アメリカ人は楽天的、前向きな人たちである。とくに日本人と比べるとそれが痛いほどよく分かる。ところがである、今度1年半ぶりにやってきたアメリカは、今までとちょっと違った感じがした。
あの3年前のリーマンショックの9月15日にも私はフィラデルフィアにいた。勤務先の同僚が「ひどいことになっているでしょう」とメールしてきたときに、「全然その気配はありません」と返事したほど、アメリカ人の消費活動への影響は微細だった。だのに、今回驚いたことに以前の元気、活気がない。どうしちゃったんだろう、アメリカ。
ホテルで見放題をいいことにCNBCをつけっぱなしにしているが、アグレッシブな放送姿勢はそのままだけれど、中身は悲観論が大勢を占めているのだ。それもほとんどが経済の先行きに対する絶望に近いコメントが多い。この番組をみて元気をもらおうと思った思惑がはずれてしまった。
ほとんどの論調が「オバマ非難」であり、それも彼の「大きな政府」政策への酷評である。アメリカ人からみれば福祉にお金をつぎ込むのは溝に捨てるようなもの(ちょっと言い過ぎだが、でもこれに近い)なのだ。だから一昨日に出た雇用統計が予想以上に悪かったということで、CNBCに登場するコメンテーターは非難の大合唱。そしてオバマ大統領が打ち出した「教育」分野での雇用創出という案は即座に一蹴されていた。
アメリカ人がこれほど感情的になっているのを初めてみたので、びっくりである。でもメディアをはじめほとんどの人が悲観のどん底に来たときがチャンスであるのは間違いない。だから今がまさにそのチャンスの時かもしれない。

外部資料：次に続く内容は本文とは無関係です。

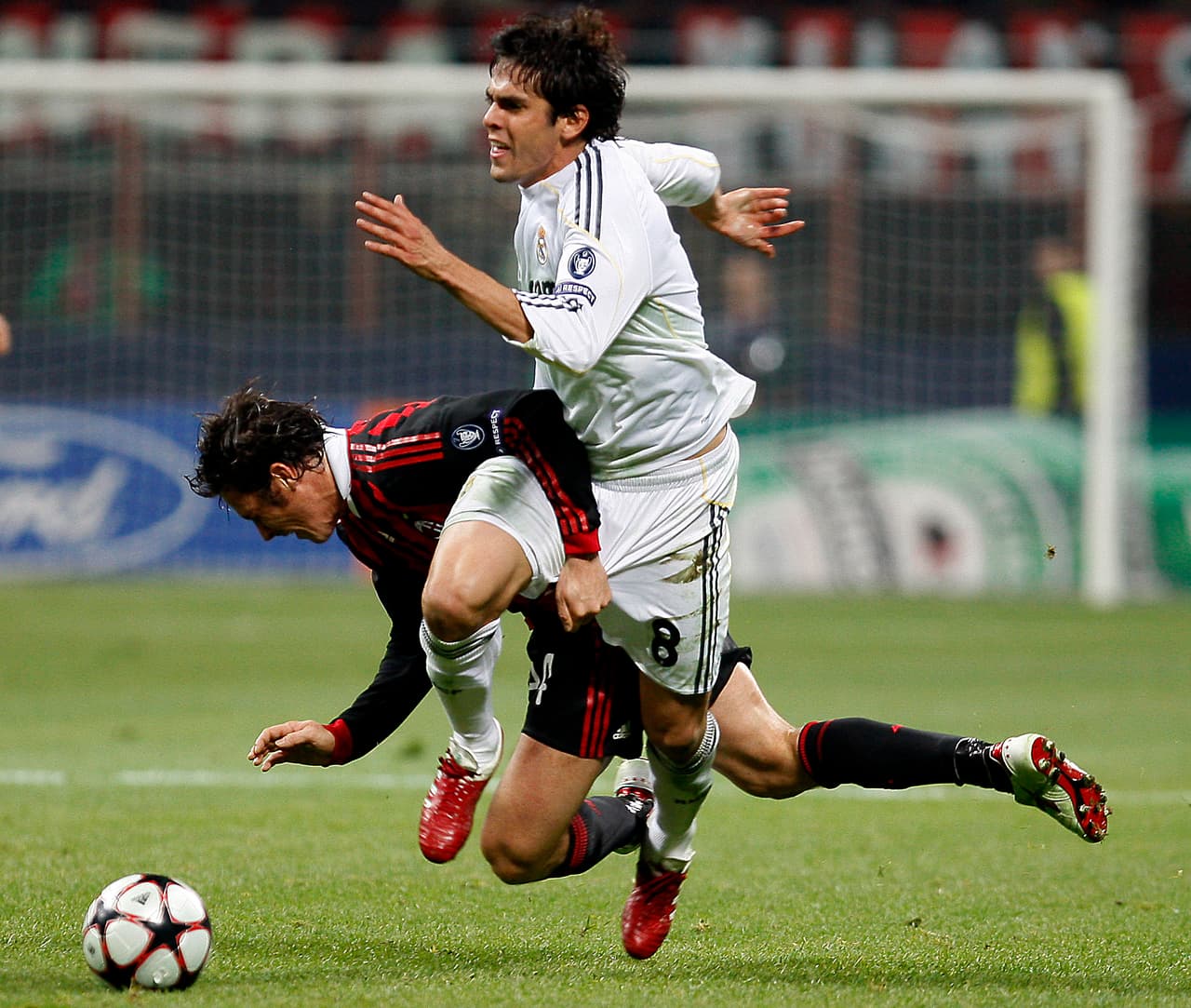 En 2007 logró superar a Cristiano Ronaldo y a Lionel Messi en la contienda por el Balón de Oro y se convirtió en el mejor jugador del planeta en ese año.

9月11日はもうすぐである。10年経った。あのときも私はフィラデルフィアだった。博士コースの最後の仕上げ中だった。あのときの暗さ、やりきれなさと比べると、まだ今度はなんとかなるような、そんな思いをアメリカ人は持っているのではないかと思う。だからこの節目を契機にして、また元気なアメリカに戻って欲しいと切に願う。